◆ Problem to work on
With the pictures removed, write out the full listing below exactly.
------ Data section ------
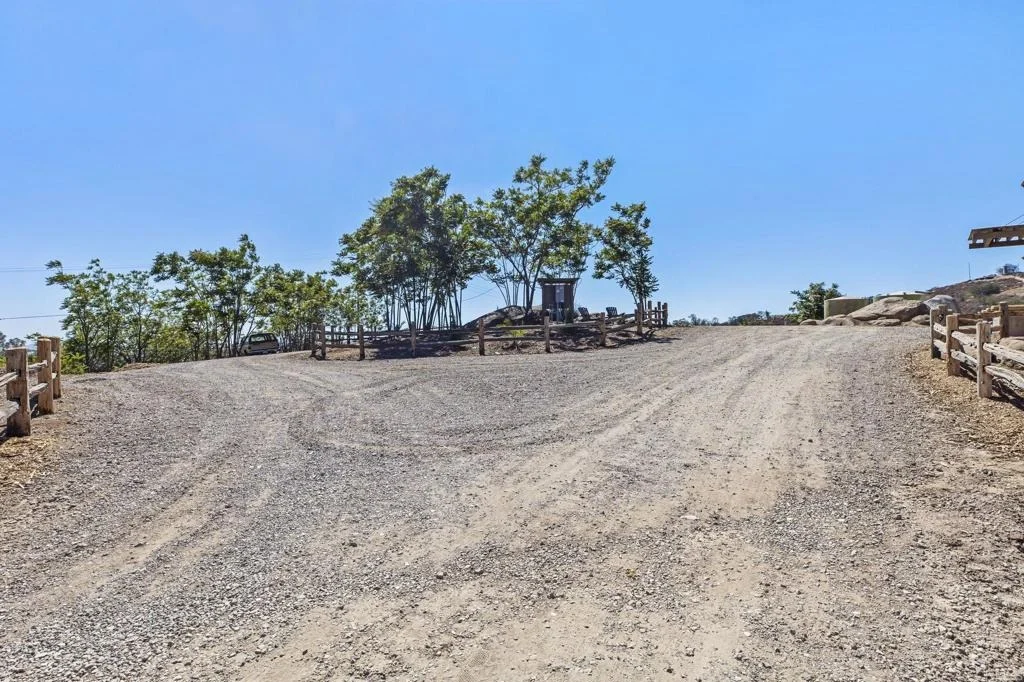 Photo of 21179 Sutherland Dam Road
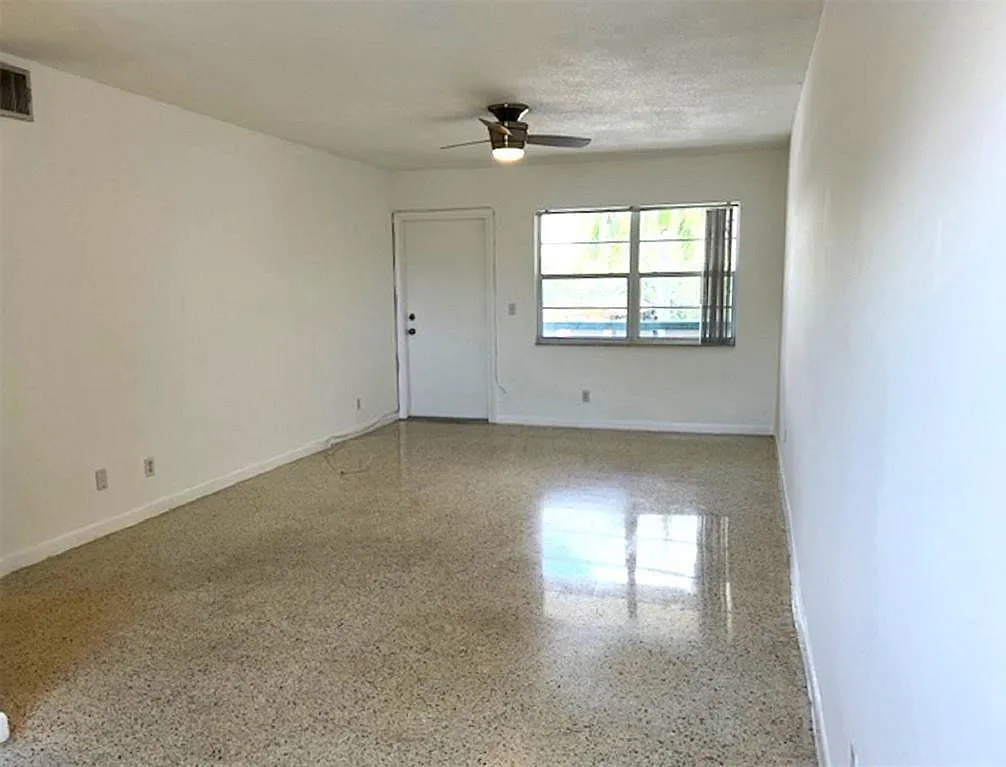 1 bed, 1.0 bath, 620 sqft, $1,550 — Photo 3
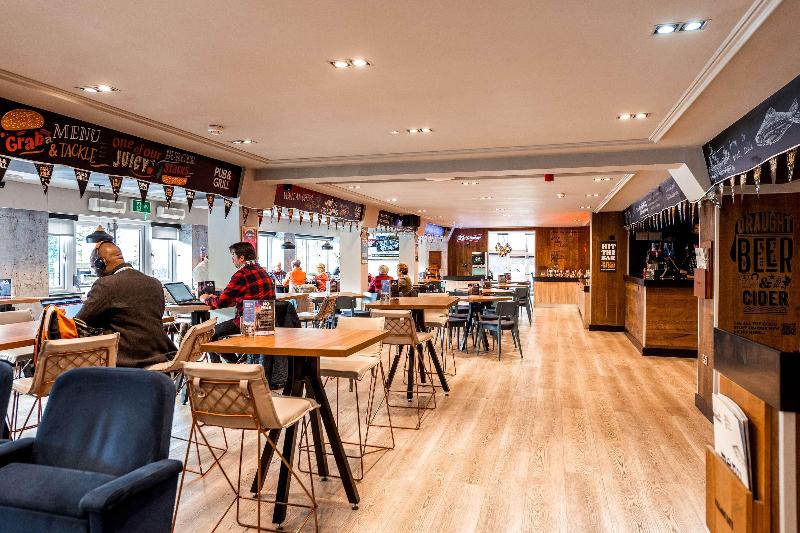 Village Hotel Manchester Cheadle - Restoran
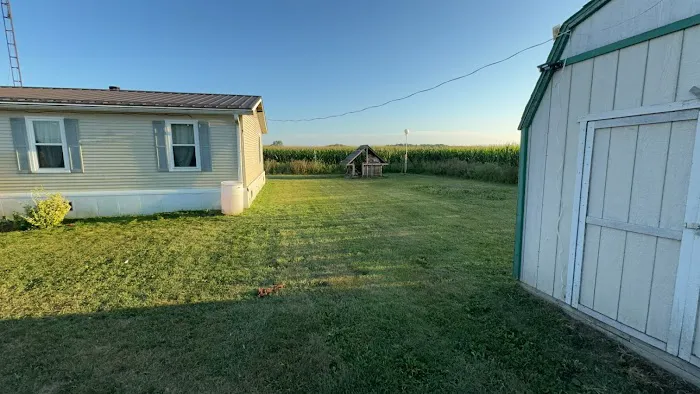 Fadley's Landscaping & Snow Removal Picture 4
------
◆ Response to the task
 Photo of 21179 Sutherland Dam Road
 1 bed, 1.0 bath, 620 sqft, $1,550 — Photo 3
 Village Hotel Manchester Cheadle - Restoran
 Fadley's Landscaping & Snow Removal Picture 4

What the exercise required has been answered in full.